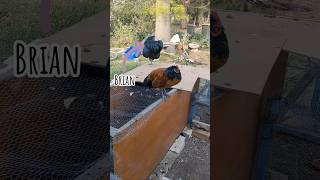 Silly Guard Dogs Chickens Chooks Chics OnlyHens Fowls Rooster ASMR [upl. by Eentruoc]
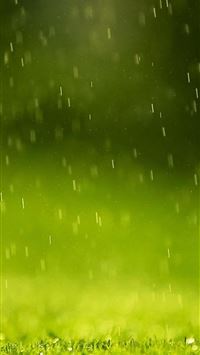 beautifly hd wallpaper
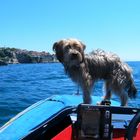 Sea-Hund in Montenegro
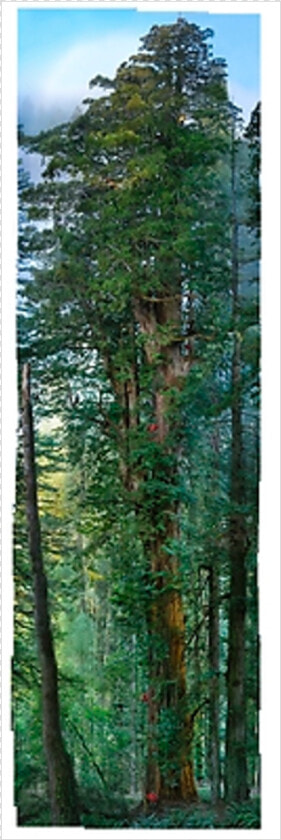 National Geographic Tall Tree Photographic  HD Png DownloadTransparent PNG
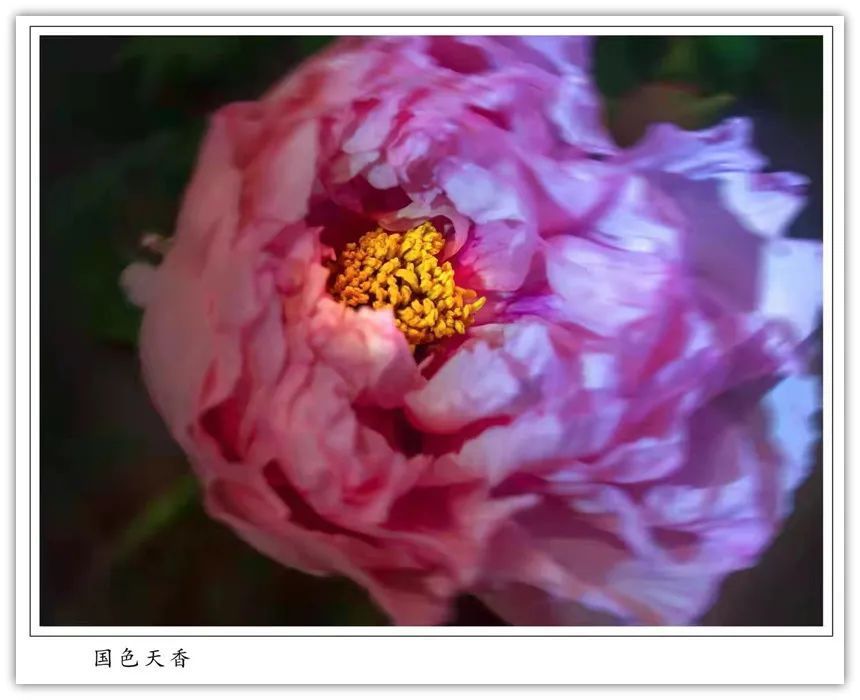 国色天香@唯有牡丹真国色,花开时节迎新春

◆ ◆ ◆ ◆

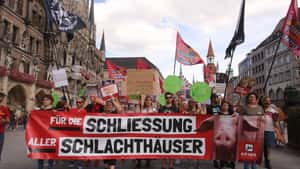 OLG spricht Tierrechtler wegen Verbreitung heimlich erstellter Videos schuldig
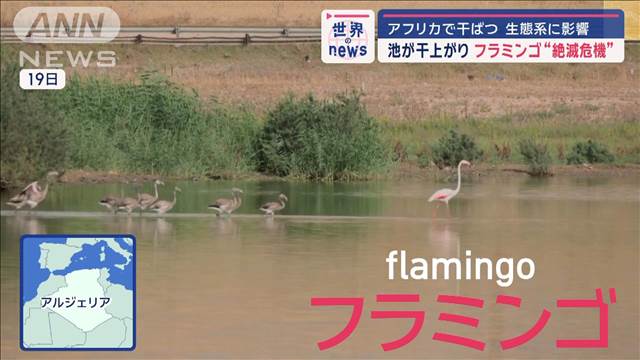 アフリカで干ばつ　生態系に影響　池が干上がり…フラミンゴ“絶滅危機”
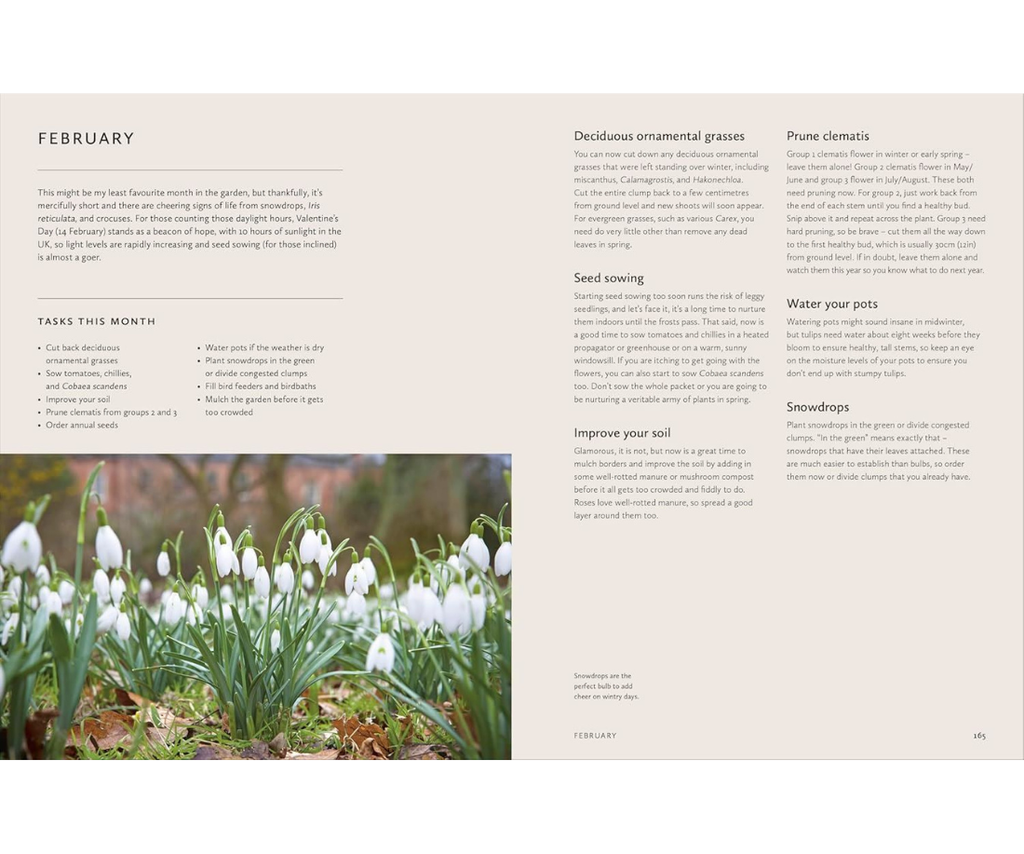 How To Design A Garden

◆ ◆ ◆ ◆

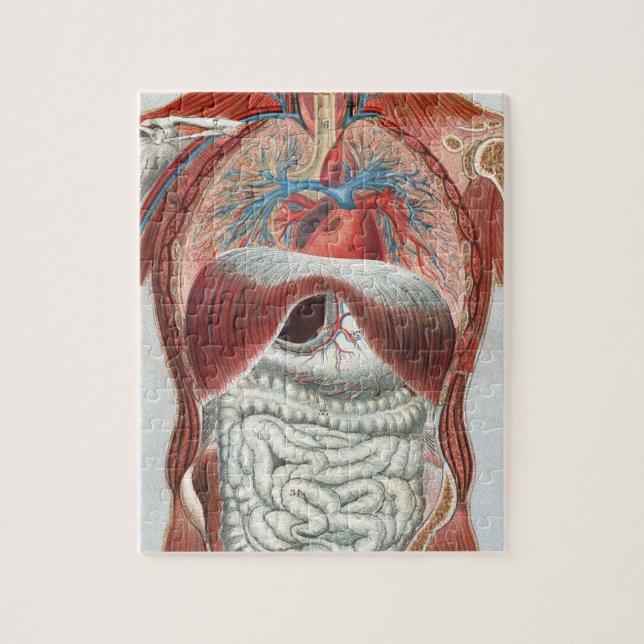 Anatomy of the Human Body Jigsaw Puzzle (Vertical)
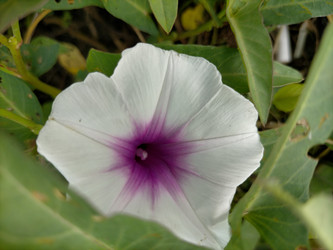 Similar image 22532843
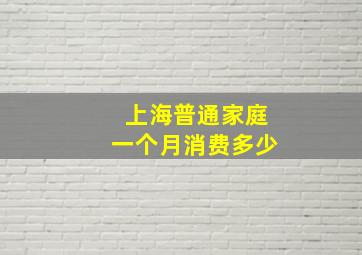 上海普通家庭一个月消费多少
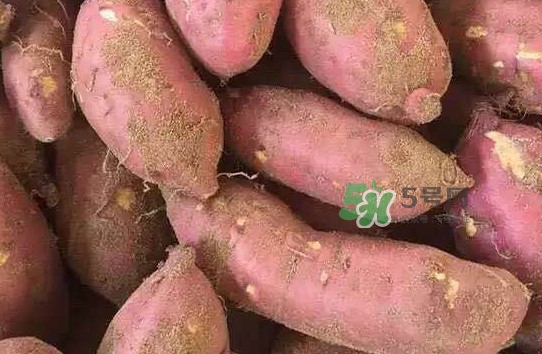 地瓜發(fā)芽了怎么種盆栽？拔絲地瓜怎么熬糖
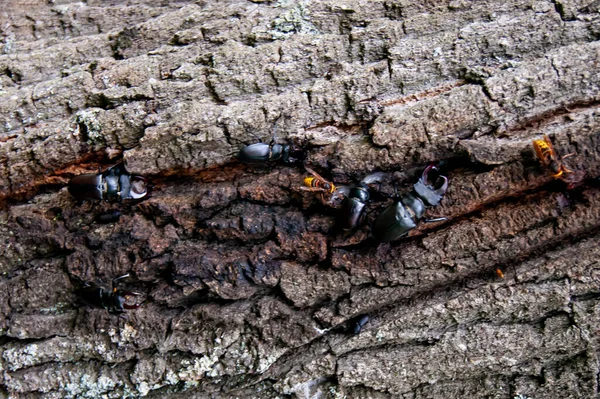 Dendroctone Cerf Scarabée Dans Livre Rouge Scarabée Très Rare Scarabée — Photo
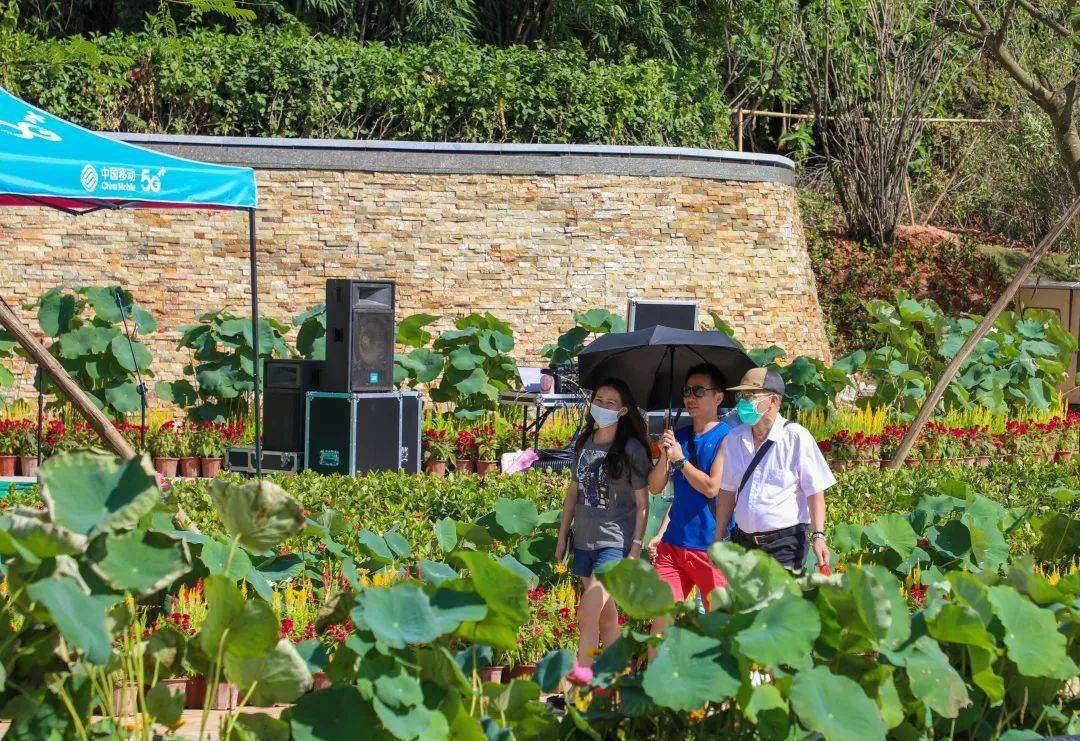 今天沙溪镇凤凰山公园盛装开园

◆ ◆ ◆ ◆

ACTIVITY: Transcribe, word for word, the lines of the listing above from the one that contains "Similar image 22532843" through the one that contains "今天沙溪镇凤凰山公园盛装开园", keeping both ends and dropping the pictures.

SOLUTION:
 Similar image 22532843
 上海普通家庭一个月消费多少
 地瓜發(fā)芽了怎么種盆栽？拔絲地瓜怎么熬糖
 Dendroctone Cerf Scarabée Dans Livre Rouge Scarabée Très Rare Scarabée — Photo
 今天沙溪镇凤凰山公园盛装开园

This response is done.